#FrogFriday: A hope spot for frogs in Hyla Park
Written by Jessica Bradford, Communications Coordinator at Nature Trust of New Brunswick
For anyone passionate about wildlife conservation, it can be difficult to remain optimistic at times. We’re constantly bombarded with messages about the loss of biodiversity worldwide and this is especially the case for the world’s frogs, toads and other amphibians. In fact, according to Edward O. Wilson, researchers have coined the term ‘Declining Amphibian Phenomenon’ to describe the global loss of amphibian populations.
Despite this bleak opening for WWF’s first #FrogFriday blog post, I’m here to share a success story with you. We can celebrate a beautiful pocket of conservation that has been set aside specifically for the preservation of amphibian species. Located within the city limits of Fredericton, New Brunswick and in close proximity to the vast St. John River system, the place is Hyla Park Nature Preserve.
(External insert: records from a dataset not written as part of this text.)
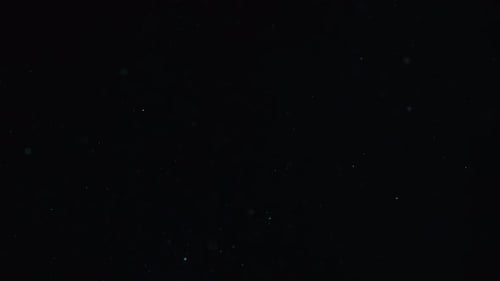 Abstract Particles Moving on Dark Background
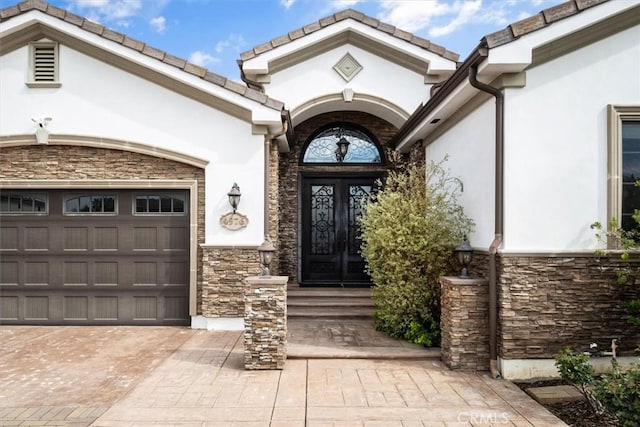 entrance to property with decorative driveway, stone siding, an attached garage, and stucco siding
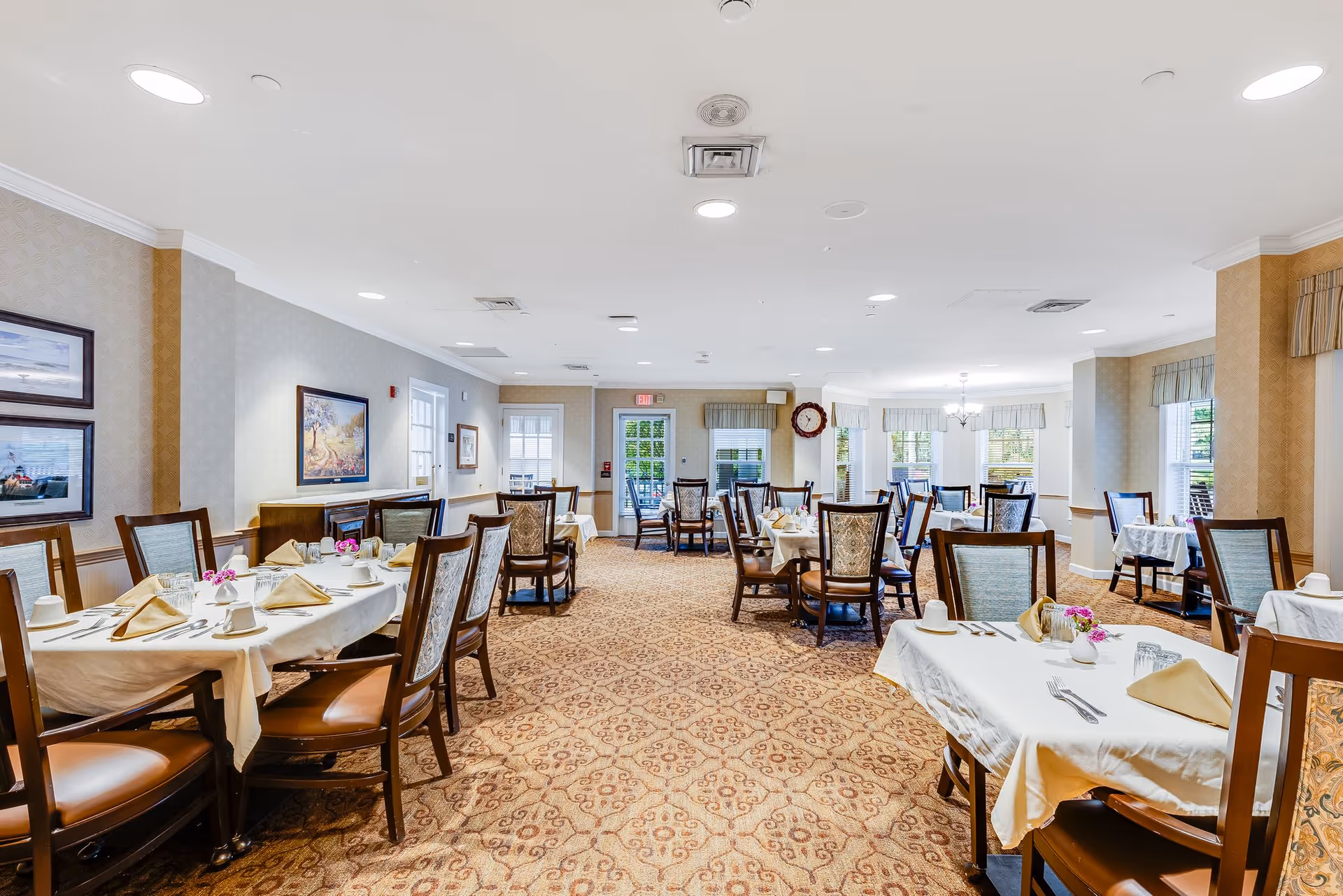 A spacious dining room in a senior living facility with multiple tables covered in white tablecloths, each set with beige napkins, cups, and silverware. The room has patterned carpet, light-colored walls with framed artwork, large windows with valances, and wooden chairs with cushioned seats. A clock is visible on the far wall near the exit door.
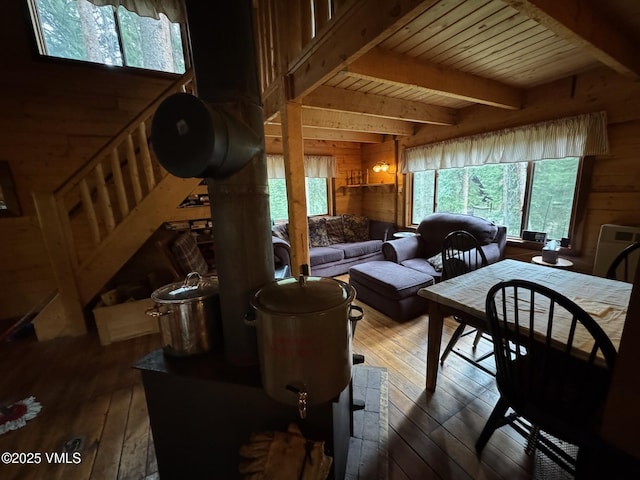 1234 6th St, Eagle, CO 81631 - living room featuring wooden walls, wood-type flooring, and a wooden ceiling with exposed beams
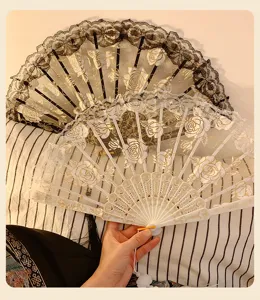 Detailed shot of New Chinese style lace folding fan with gold rose embroidery for dancing props.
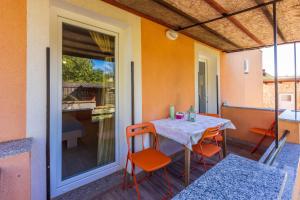 a patio with a table and chairs on a balcony at Apartments Davor in Banjole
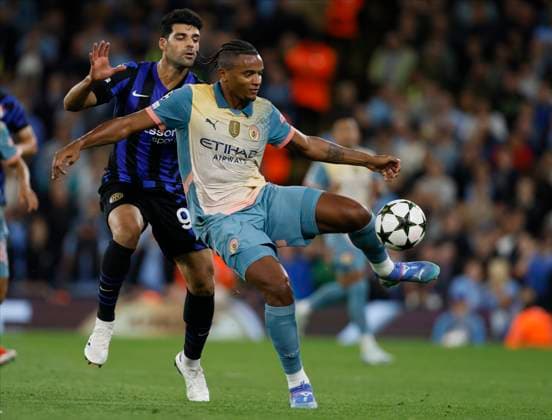 Manchester City v FC Internazionale Milano - UEFA Champions League 2024 25 League Phase MD1 Mehdi Taremi of Inter Milan and Manuel Akanji of Manchester City challenge during the UEFA Champions League 2024 25 League Phase MD1 match between Manchester City and FC Internazionale Milano at City of Manchester Stadium on September 18, 2024 in Manchester, United Kingdom. Manchester City of Manchester Stadium England United Kingdom Copyright: xRichardxSellers Sportsphoto APLx 14048169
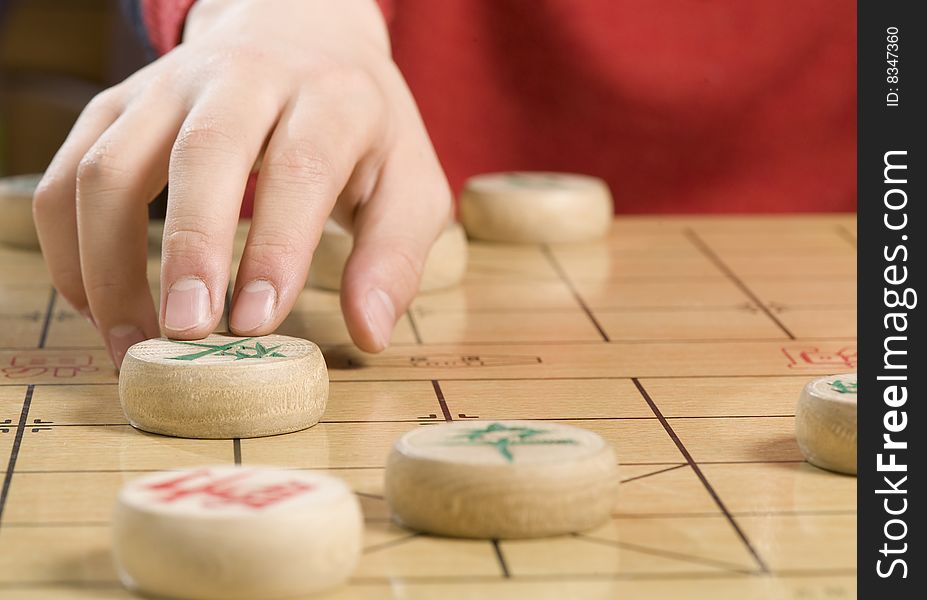 A boy is moving a piece of Chinese chess. A boy is moving a piece of Chinese chess.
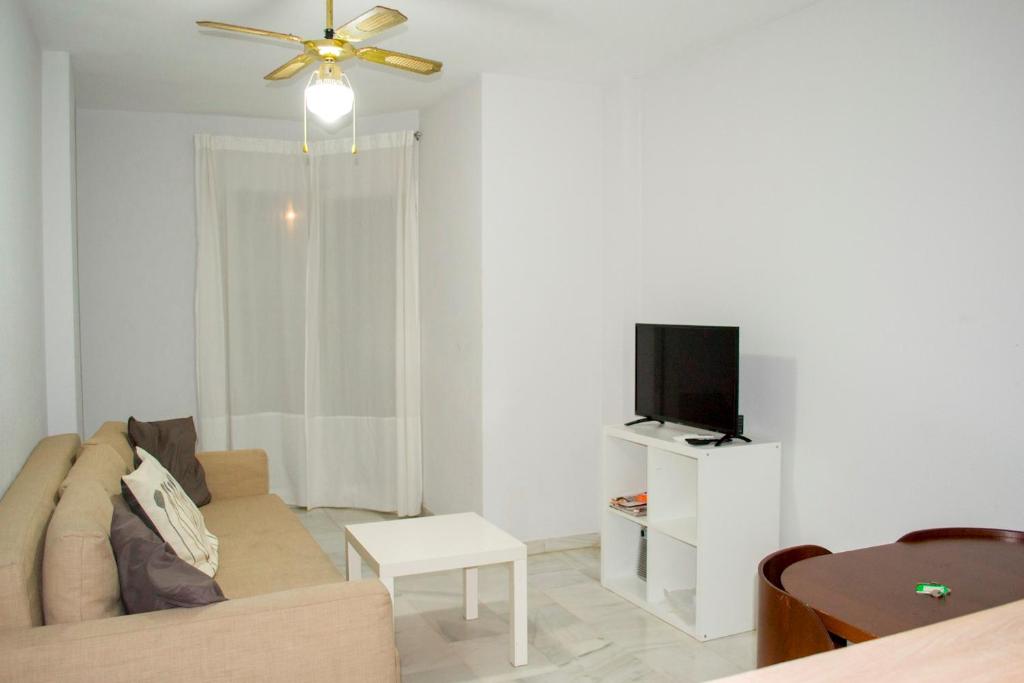 TV a/nebo společenská místnost v ubytování Oceanfront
The name ‘Hyla Park’ comes from the original reason for the nature preserve’s existence – to protect the gray tree frog (Hyla versicolor). This small frog has the ability to camouflage by changing its colour between gray and green. In 1995, when the area was first protected through a lease agreement between the Nature Trust of New Brunswick and the City of Fredericton, Hyla Park contained the only known population of the tree frog in the Maritimes and at its most northeastern distribution in North America.
Since becoming a protected area, Hyla Park Nature Preserve has received status and bragging rights as ‘Canada’s first amphibian sanctuary’ and it’s not hard to see why. It’s also home to six other species of frogs/toads, including the Northern leopard frog (Lithobates pipiens), wood frog (Lithobates sylvaticus), spring peeper (Pseudacris crucifer), green frog (Lithobates clamitans), American Bullfrog (Lithobates catesbeianus), and American Toad (Anaxyrus americanus).
This means seven out of the nine species of frogs in New Brunswick live within Hyla Park’s nine hectares of wetland and woodland. As well as other species of salamanders and newts found there, making for a wonderful outdoor classroom.
I’m always amazed to think about how much life exists in this small area (in an urban setting at that). And the importance of having it preserved for the future. It’s even more amazing to think about Hyla Park’s past and how it’s gone from quarry, to dumpsite, to stock car raceway and now – to a beacon of biodiversity and hope.
Sylvia Earle coined the concept of ‘Hope Spots’ to refer to networks of marine protected areas critical to the health of our oceans. I, along with many others, consider Hyla Park to be a Hope Spot for frogs, and freshwater ecosystems as a whole, in our province.
Happy Frog Friday and cheers to many more to come!